# Finished trimtex project



## smisner50s (Jan 6, 2011)

Here are some pic of a job i finished up a few weeks back..we did the framing. Hanging.finishing.painting .kitchen .and trim work.drywall returned bathroom door..that is trimtex drywall crown molding sweet stuff.bullnose everywhere..tearaway modifyed to make the archways around the doors...builders solution for the primer...and swp casmear paint for topcoat..super paint for the trim work


----------



## smisner50s (Jan 6, 2011)

Some more


----------



## smisner50s (Jan 6, 2011)

More more


----------



## chris (Apr 13, 2011)

very nice:thumbsup:


----------



## cdwoodcox (Jan 3, 2011)

Nice looking work. I have been wanting to use that crown but every builder wants wood. Maybe I'll use your pics to show how clean and seamless it looks.:thumbsup:


----------



## 2buckcanuck (Jul 9, 2010)

I like the look of the doors, that's sweet, going to half to steal that ideal

And since your a general contractor, what would be the price difference between doing the crown in wood vs the trimtex crown molding (% wise)

Do you half to paint the trimtex crown, or can you get away without doing that, maybe that's part of the cost saving.

And did you use a laser for the cut line with the paint on the bull nose, or not.

Last job I had to ,,,,,,cough,,cough paint:blink:, the builder wanted the cut line on the middle of the bullnose, told him that was stupid.

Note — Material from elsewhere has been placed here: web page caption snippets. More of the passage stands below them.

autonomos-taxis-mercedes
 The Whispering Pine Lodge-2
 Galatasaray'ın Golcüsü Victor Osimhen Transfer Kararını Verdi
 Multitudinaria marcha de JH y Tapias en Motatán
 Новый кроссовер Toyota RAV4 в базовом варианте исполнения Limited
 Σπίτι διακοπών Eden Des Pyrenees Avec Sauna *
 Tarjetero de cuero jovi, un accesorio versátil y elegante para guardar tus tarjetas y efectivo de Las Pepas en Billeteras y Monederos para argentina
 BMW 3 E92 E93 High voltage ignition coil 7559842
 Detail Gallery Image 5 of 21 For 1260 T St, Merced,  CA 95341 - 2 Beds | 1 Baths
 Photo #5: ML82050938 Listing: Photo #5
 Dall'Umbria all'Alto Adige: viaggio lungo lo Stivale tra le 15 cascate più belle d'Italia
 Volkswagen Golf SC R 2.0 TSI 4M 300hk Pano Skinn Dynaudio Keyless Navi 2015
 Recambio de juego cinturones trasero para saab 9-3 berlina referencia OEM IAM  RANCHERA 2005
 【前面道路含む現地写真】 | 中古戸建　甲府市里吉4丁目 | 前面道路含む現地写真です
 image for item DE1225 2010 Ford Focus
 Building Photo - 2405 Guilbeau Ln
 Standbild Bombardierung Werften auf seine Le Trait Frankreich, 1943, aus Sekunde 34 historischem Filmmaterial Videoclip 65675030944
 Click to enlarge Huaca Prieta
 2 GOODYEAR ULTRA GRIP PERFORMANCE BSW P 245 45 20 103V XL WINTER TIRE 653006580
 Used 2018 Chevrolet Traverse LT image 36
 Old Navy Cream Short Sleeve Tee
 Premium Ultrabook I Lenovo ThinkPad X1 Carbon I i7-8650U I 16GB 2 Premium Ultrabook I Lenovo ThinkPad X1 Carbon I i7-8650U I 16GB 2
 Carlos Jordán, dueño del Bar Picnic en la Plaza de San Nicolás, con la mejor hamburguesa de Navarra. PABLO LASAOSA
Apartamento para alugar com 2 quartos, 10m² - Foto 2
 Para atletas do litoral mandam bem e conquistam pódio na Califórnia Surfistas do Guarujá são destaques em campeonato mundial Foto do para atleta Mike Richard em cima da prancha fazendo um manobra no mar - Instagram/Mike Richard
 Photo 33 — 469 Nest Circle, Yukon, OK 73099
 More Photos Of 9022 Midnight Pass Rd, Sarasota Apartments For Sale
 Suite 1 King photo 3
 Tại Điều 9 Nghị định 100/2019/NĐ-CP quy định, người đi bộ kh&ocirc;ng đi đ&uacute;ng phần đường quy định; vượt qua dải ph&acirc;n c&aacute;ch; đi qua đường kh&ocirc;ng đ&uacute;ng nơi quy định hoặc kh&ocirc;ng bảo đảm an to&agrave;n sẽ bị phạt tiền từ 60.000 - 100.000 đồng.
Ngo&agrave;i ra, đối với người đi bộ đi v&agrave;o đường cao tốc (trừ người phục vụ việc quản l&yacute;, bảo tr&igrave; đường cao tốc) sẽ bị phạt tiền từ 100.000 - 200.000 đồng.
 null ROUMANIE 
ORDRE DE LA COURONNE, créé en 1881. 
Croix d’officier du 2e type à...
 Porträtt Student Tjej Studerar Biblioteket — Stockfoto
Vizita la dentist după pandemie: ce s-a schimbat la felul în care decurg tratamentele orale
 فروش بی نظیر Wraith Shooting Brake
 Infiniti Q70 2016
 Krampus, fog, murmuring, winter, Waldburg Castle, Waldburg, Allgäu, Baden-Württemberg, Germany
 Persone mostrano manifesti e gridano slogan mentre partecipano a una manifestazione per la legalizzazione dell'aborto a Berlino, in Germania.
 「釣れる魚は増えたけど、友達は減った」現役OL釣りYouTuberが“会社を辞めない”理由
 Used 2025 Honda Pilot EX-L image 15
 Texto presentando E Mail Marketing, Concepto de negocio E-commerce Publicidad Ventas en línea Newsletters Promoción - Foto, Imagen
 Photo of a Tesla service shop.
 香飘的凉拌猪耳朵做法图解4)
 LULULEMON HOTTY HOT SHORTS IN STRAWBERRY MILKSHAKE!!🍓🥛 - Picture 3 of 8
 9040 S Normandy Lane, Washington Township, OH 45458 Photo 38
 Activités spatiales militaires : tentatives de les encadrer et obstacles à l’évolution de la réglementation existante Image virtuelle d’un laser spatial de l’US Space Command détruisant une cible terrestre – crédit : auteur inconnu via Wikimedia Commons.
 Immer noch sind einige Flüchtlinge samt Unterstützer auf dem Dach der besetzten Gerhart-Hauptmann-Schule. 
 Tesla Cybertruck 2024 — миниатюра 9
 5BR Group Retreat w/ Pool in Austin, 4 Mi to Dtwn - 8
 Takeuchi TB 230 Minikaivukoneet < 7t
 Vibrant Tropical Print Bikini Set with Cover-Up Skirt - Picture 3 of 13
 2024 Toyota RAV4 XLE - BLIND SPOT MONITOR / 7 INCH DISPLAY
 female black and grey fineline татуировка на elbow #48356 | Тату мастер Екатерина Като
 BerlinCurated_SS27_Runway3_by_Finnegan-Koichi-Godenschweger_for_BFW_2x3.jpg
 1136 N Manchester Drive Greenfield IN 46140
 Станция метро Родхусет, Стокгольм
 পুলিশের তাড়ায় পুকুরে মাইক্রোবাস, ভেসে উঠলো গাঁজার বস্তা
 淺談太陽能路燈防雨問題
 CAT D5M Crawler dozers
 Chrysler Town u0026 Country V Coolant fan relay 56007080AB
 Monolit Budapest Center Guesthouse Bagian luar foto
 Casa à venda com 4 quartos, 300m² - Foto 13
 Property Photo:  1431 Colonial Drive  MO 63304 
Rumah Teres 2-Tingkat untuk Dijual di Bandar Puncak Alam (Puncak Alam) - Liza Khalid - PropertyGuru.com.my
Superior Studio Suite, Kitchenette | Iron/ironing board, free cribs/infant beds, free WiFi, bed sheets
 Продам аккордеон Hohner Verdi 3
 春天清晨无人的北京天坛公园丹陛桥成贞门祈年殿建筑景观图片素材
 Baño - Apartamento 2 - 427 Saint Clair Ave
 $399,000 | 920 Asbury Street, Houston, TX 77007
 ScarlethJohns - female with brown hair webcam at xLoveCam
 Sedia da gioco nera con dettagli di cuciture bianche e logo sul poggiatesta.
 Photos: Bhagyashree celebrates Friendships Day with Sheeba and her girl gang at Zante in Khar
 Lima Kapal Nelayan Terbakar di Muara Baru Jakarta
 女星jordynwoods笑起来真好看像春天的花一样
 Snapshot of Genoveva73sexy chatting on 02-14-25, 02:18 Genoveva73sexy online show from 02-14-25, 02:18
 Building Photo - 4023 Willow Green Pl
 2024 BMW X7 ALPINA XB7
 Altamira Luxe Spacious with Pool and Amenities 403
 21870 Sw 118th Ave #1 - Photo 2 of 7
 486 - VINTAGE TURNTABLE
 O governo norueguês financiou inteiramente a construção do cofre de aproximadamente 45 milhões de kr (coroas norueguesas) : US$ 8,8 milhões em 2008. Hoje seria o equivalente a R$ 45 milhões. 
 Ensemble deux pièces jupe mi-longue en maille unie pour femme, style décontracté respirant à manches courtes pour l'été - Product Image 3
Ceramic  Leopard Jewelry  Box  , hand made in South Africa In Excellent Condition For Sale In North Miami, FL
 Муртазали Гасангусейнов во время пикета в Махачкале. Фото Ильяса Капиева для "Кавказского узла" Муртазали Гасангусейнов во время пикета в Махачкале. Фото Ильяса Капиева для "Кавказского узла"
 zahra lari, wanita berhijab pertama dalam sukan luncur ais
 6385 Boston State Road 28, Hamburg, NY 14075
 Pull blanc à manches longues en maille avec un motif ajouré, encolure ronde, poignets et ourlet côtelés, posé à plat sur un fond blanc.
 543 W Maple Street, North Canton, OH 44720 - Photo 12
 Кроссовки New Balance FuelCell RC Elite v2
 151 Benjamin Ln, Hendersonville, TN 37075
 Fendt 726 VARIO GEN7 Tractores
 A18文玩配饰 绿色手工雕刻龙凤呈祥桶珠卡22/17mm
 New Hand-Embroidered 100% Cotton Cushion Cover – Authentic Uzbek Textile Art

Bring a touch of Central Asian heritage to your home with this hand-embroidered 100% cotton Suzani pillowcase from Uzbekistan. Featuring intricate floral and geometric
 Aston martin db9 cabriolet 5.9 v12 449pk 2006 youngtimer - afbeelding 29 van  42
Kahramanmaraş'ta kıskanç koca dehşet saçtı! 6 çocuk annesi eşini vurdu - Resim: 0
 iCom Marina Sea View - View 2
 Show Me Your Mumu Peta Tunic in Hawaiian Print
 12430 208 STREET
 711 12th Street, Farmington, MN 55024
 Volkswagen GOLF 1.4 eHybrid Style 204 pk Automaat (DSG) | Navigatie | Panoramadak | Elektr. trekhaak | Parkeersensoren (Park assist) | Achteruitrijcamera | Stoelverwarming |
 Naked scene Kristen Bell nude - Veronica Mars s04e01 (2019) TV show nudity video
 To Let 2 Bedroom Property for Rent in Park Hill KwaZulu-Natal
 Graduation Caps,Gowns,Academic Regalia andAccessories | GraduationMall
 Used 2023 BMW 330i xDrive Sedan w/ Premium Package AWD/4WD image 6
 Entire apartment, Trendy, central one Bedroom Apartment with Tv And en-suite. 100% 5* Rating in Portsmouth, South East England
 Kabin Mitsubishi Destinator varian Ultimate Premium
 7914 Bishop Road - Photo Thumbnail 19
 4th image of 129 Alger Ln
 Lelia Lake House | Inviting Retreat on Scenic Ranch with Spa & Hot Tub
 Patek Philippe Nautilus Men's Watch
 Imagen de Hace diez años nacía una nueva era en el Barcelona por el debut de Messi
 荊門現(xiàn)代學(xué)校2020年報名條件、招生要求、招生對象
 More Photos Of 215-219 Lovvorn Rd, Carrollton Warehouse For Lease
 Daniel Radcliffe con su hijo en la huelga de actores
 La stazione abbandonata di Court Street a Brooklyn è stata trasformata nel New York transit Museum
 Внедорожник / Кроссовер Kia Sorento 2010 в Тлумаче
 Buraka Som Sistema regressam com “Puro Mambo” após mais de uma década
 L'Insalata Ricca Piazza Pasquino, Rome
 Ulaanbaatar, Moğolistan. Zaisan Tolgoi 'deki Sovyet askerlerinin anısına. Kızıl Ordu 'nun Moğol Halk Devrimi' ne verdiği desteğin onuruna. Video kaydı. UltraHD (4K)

Wish you had these pics up a few months ago, so I could of showed him:yes:

Looks really really excellent:thumbsup:


----------



## SlimPickins (Aug 10, 2010)

Your execution of all these details is fantastic. 

I will refrain from commenting on the design.


----------



## mudslingr (Jul 18, 2010)

Very well done ! Looks sharp !:thumbup:


----------



## Kiwiman (Jun 14, 2008)

Well done sir :thumbsup:


----------



## cazna (Mar 28, 2010)

Mate, Thats awsome, Great work, Well done.

I do have one bug though, But this is only a personal thing so im not taking the p!ss or saying anythings wrong, So no need to call me a  or a  Its all awsome :thumbsup: But for me those external corners at the top of the ceiling were it meets the trim and at the bottom where it meets the skirting, See how the square turns to round, I think that looks all wrong, To me the square part should be cut off so the point where it goes from square to round is only just below or above the trim, Its a round look they want so why add that that 3 inches of square???

This is the only time i have been able to mention this and i was wondering if anyone thought the same or am i just being an over fussy .
There, i called myself a name so you dont have to.


----------



## Kiwiman (Jun 14, 2008)

cazna said:


> Mate, Thats awsome, Great work, Well done.
> 
> I do have one bug though, But this is only a personal thing so im not taking the p!ss or saying anythings wrong, So no need to call me a  or a  Its all awsome :thumbsup: But for me those external corners at the top of the ceiling were it meets the trim and at the bottom where it meets the skirting, See how the square turns to round, I think that looks all wrong, To me the square part should be cut off so the point where it goes from square to round is only just below or above the trim, Its a round look they want so why add that that 3 inches of square???
> 
> ...


It's just a personal preference thing I think, some like one thing and some don't, most of my jobs the owner is given the choice and about half prefer about half inch of square showing at the bottom of the bead and nothing on the top, my own house I didn't use any top or bottom, I think they still look alright either way.


----------



## Cratter (Sep 6, 2010)

Couple things:

1) I would have cut my adapters for the bullnose (to the ninty degree transition) down so they didn't stand out so much.

2) While SuperPaint is good. ProClassics is recommended for trim work.

3) Your cut in lines look top notch.


----------



## Cratter (Sep 6, 2010)

2buckcanuck said:


> Last job I had to ,,,,,,cough,,cough paint:blink:, the builder wanted the cut line on the middle of the bullnose, told him that was stupid.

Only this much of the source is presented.